Extracted data entries
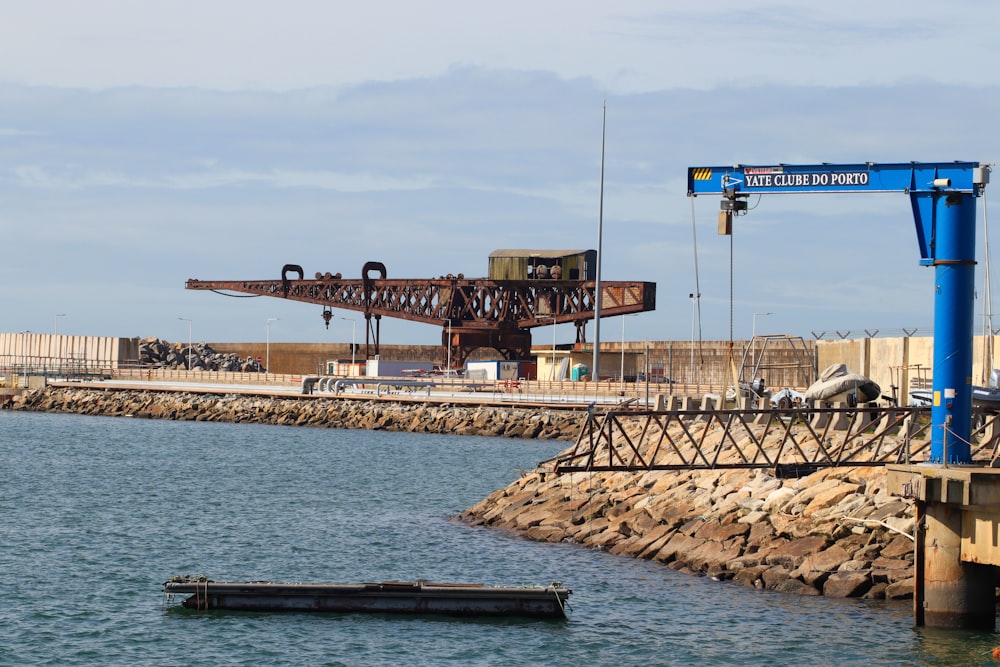 a large crane sitting on top of a body of water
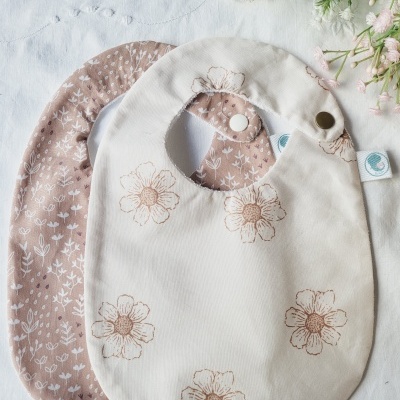 Dois babetes de algodão com padrões florais, um bege com flores castanhas e outro castanho com folhas brancas, sobre pano branco com flores e raminhos floridos ao lado.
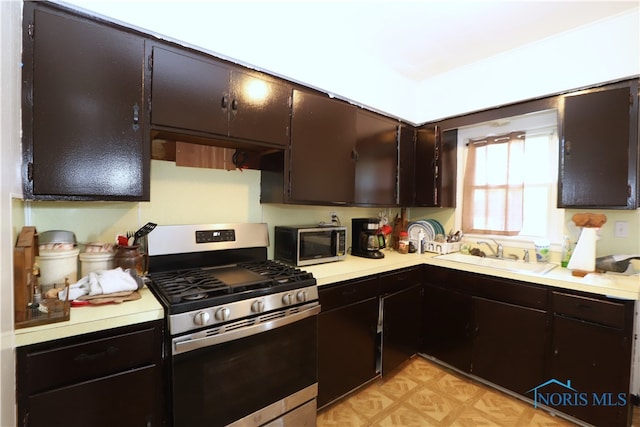 kitchen featuring stainless steel appliances, sink, and dark brown cabinetry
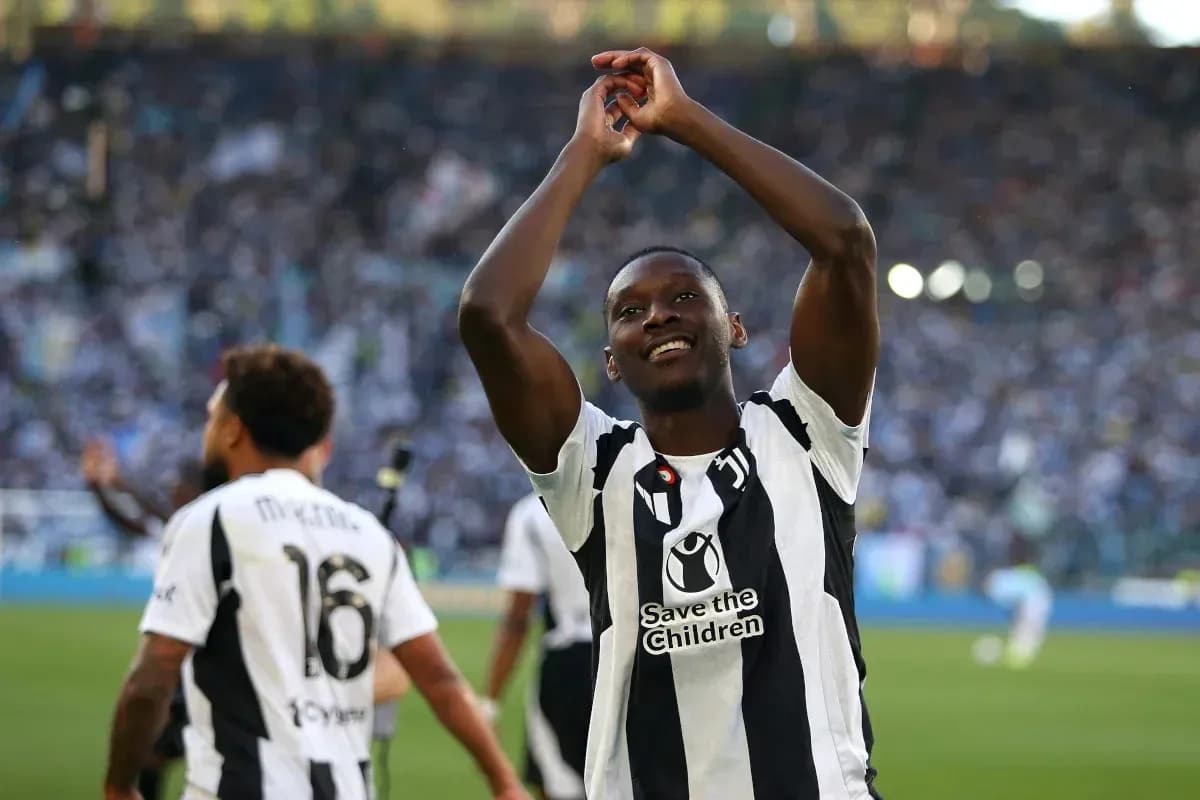Player celebrating with fans after the match Player celebrating with fans after the match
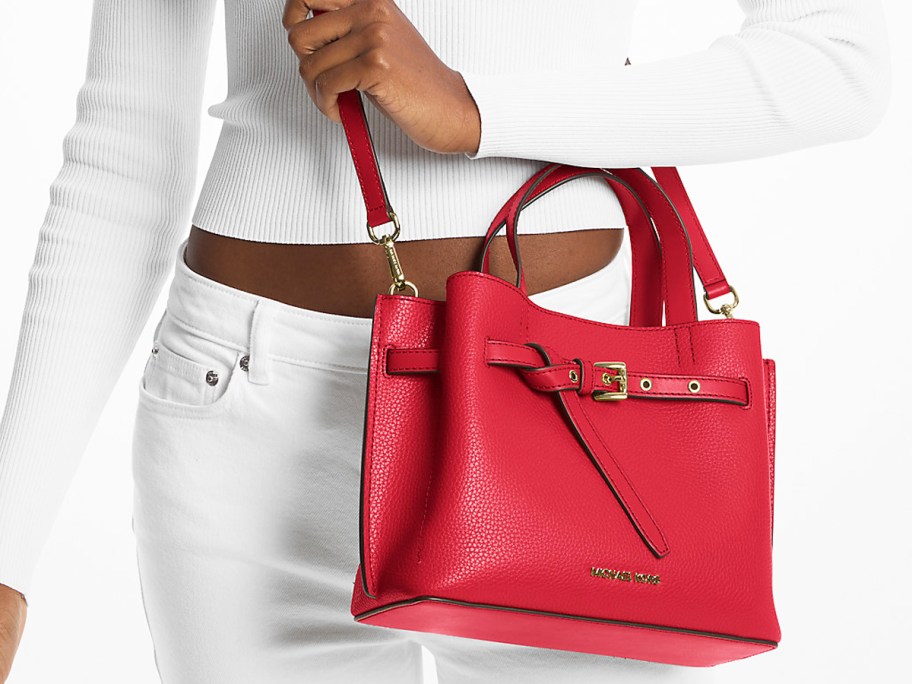 woman in a white outfit with a red purse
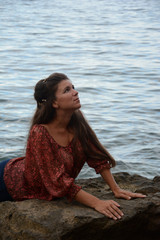 Happy woman relaxing and enjoying at the beach during travel holidays vacation outdoors at ocean or nature sea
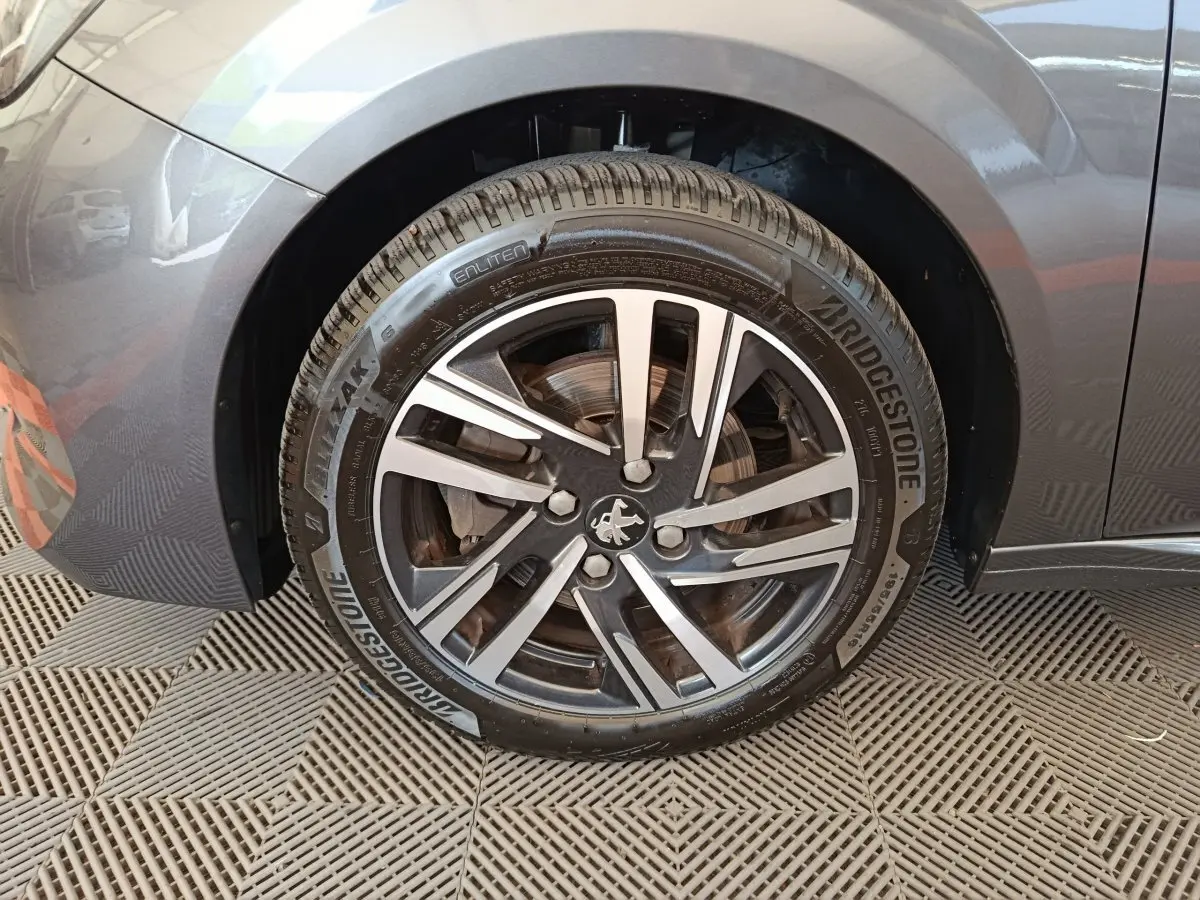 Gros plan sur la roue avant gauche grise d'une Peugeot 208 avec jante alliage et logo lion central.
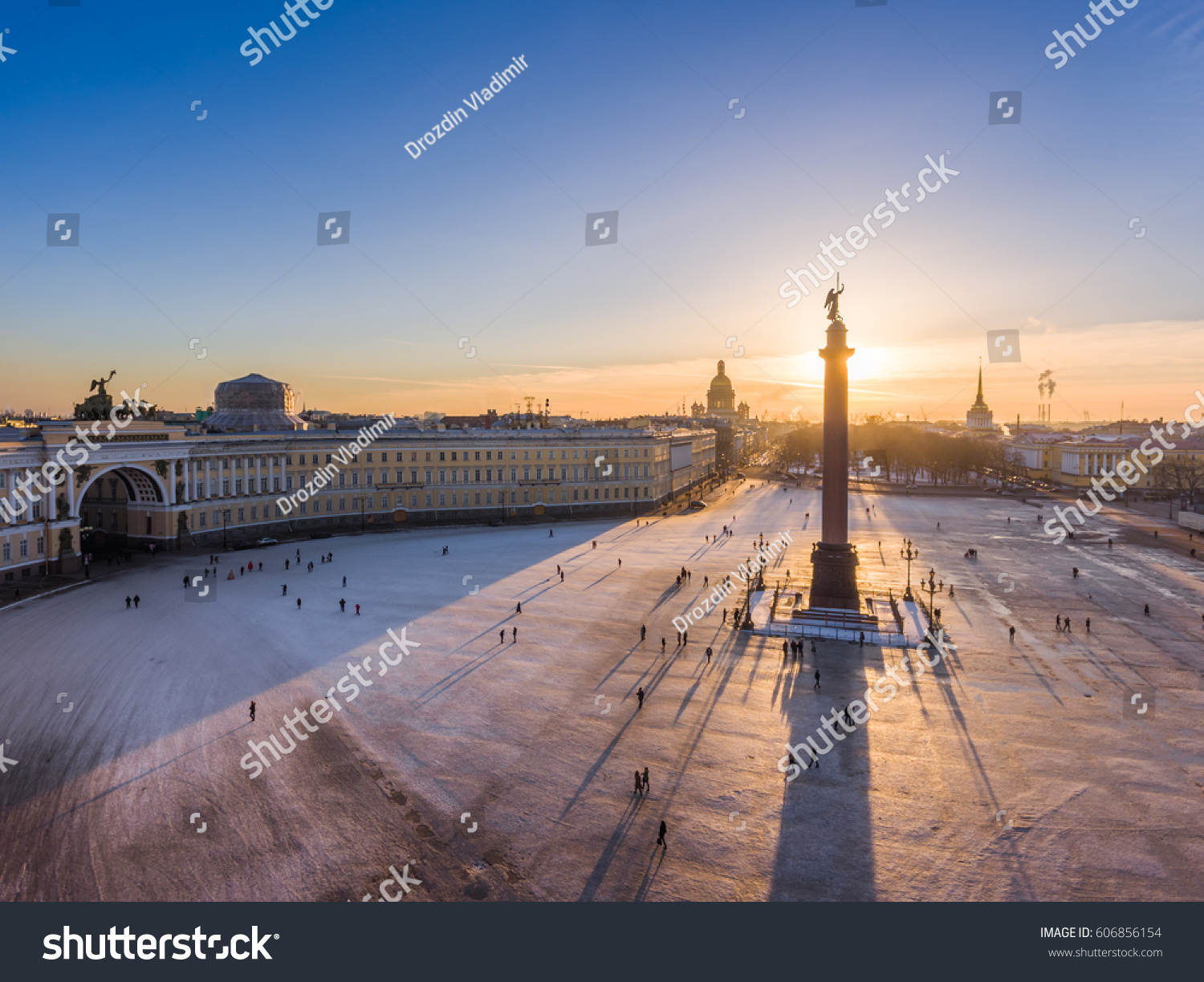 Aerial view of Palace Square and Alexander Column at sunset a gold dome of St. Isaac's Cathedral the Winter Palace the Hermitage Peter and Paul fortress triumphal chariot little people walks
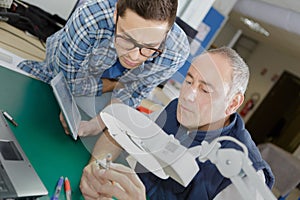 Electronics engineer observing product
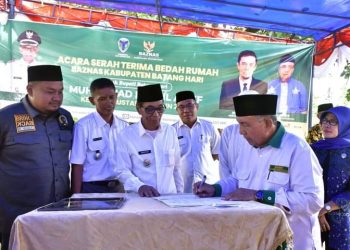Wakil Bupati Batanghari bersama ketua Baznaz dalam penanda tanganan serah terima bedah rumah(Poto ist)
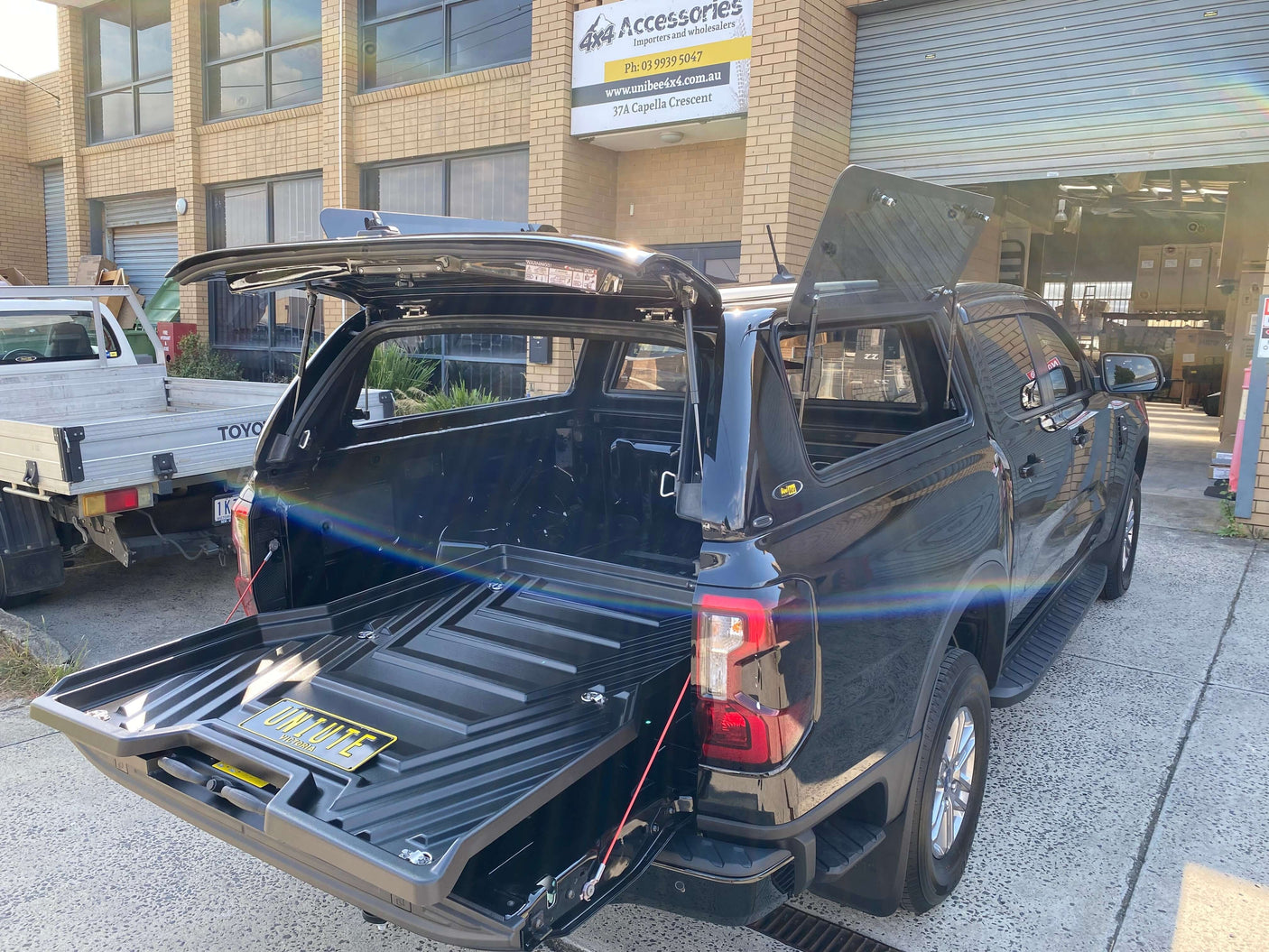 Black Ford Ranger with slide out ute tray drawer in open position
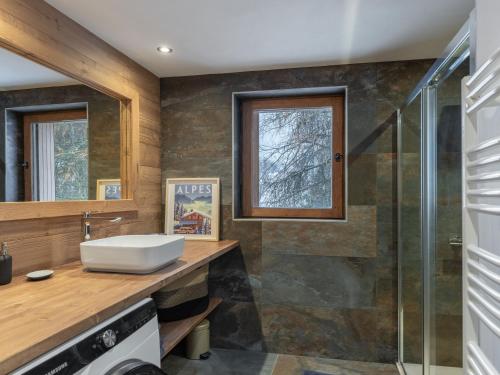 a bathroom with a sink and a shower at CHALET " JEANE " proche centre in Megève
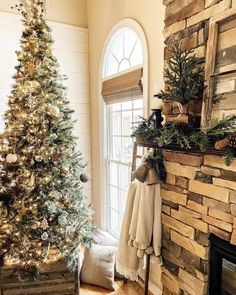 This rustic living room features a pine tree and garland on the dark wood mantel of a stone fireplace. A tree with gold Christmas tree decorations stands in front of an off-white wall with tall white shiplap wainscoting. A rustic wood box is placed on the warm wood floor...   Image: ourrustichaven Happy New Week, Friends Happy, New Week, Happy Monday, Happy New, Christmas Tree, Holiday Decor, Christmas, On Instagram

Problem details: Without including any pictures, print each record exactly.

Written solution:
 a large crane sitting on top of a body of water
 Dois babetes de algodão com padrões florais, um bege com flores castanhas e outro castanho com folhas brancas, sobre pano branco com flores e raminhos floridos ao lado.
 kitchen featuring stainless steel appliances, sink, and dark brown cabinetry
Player celebrating with fans after the match Player celebrating with fans after the match
 woman in a white outfit with a red purse
 Happy woman relaxing and enjoying at the beach during travel holidays vacation outdoors at ocean or nature sea
 Gros plan sur la roue avant gauche grise d'une Peugeot 208 avec jante alliage et logo lion central.
 Aerial view of Palace Square and Alexander Column at sunset a gold dome of St. Isaac's Cathedral the Winter Palace the Hermitage Peter and Paul fortress triumphal chariot little people walks
 Electronics engineer observing product
Wakil Bupati Batanghari bersama ketua Baznaz dalam penanda tanganan serah terima bedah rumah(Poto ist)
 Black Ford Ranger with slide out ute tray drawer in open position
 a bathroom with a sink and a shower at CHALET " JEANE " proche centre in Megève
 This rustic living room features a pine tree and garland on the dark wood mantel of a stone fireplace. A tree with gold Christmas tree decorations stands in front of an off-white wall with tall white shiplap wainscoting. A rustic wood box is placed on the warm wood floor...   Image: ourrustichaven Happy New Week, Friends Happy, New Week, Happy Monday, Happy New, Christmas Tree, Holiday Decor, Christmas, On Instagram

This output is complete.